Source records:
******************************

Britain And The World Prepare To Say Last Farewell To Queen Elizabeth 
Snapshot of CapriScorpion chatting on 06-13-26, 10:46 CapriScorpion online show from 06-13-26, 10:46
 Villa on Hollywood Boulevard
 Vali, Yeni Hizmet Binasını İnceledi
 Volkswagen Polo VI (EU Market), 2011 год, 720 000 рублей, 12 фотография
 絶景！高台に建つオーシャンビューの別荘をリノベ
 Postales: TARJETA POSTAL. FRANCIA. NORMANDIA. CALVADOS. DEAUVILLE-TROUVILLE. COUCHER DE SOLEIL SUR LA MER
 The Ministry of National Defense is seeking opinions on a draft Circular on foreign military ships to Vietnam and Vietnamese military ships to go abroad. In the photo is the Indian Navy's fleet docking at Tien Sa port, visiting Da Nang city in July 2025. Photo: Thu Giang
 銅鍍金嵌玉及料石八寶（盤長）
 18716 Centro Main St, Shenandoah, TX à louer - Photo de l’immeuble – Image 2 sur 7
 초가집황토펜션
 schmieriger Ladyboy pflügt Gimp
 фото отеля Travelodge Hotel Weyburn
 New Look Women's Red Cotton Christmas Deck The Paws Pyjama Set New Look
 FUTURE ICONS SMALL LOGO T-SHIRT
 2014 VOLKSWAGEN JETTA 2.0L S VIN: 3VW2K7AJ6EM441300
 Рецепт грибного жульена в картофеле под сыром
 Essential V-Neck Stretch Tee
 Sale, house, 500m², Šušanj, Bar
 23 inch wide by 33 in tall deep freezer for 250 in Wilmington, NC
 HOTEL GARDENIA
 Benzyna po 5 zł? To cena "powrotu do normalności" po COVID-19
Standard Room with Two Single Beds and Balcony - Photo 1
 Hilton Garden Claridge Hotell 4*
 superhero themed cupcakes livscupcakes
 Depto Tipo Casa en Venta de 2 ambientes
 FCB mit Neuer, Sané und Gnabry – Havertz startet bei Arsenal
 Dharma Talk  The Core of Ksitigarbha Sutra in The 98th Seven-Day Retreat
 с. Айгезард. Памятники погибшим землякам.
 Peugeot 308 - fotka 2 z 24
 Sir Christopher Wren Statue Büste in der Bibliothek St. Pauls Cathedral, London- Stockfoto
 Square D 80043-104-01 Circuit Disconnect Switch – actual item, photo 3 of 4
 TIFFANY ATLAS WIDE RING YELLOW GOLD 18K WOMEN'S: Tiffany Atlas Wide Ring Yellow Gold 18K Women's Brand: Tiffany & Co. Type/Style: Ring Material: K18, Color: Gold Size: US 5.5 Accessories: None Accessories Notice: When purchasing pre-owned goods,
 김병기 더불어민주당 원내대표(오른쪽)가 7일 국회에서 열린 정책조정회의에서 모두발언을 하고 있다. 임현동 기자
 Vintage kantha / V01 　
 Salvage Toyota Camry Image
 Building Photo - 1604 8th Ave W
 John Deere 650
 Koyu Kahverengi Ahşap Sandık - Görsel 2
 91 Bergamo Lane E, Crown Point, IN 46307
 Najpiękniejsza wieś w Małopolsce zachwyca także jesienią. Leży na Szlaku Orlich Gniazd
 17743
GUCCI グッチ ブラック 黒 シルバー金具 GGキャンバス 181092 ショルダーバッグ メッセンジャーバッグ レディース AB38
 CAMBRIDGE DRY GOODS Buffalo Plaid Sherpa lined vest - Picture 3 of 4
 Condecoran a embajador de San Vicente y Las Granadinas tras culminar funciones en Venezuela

******************************

What you are asked to do:
Nothing outside the span should appear: transcribe the lines from the one containing "с. Айгезард. Памятники погибшим землякам." through the last line of the records.

Written response:
 с. Айгезард. Памятники погибшим землякам.
 Peugeot 308 - fotka 2 z 24
 Sir Christopher Wren Statue Büste in der Bibliothek St. Pauls Cathedral, London- Stockfoto
 Square D 80043-104-01 Circuit Disconnect Switch – actual item, photo 3 of 4
 TIFFANY ATLAS WIDE RING YELLOW GOLD 18K WOMEN'S: Tiffany Atlas Wide Ring Yellow Gold 18K Women's Brand: Tiffany & Co. Type/Style: Ring Material: K18, Color: Gold Size: US 5.5 Accessories: None Accessories Notice: When purchasing pre-owned goods,
 김병기 더불어민주당 원내대표(오른쪽)가 7일 국회에서 열린 정책조정회의에서 모두발언을 하고 있다. 임현동 기자
 Vintage kantha / V01 　
 Salvage Toyota Camry Image
 Building Photo - 1604 8th Ave W
 John Deere 650
 Koyu Kahverengi Ahşap Sandık - Görsel 2
 91 Bergamo Lane E, Crown Point, IN 46307
 Najpiękniejsza wieś w Małopolsce zachwyca także jesienią. Leży na Szlaku Orlich Gniazd
 17743
GUCCI グッチ ブラック 黒 シルバー金具 GGキャンバス 181092 ショルダーバッグ メッセンジャーバッグ レディース AB38
 CAMBRIDGE DRY GOODS Buffalo Plaid Sherpa lined vest - Picture 3 of 4
 Condecoran a embajador de San Vicente y Las Granadinas tras culminar funciones en Venezuela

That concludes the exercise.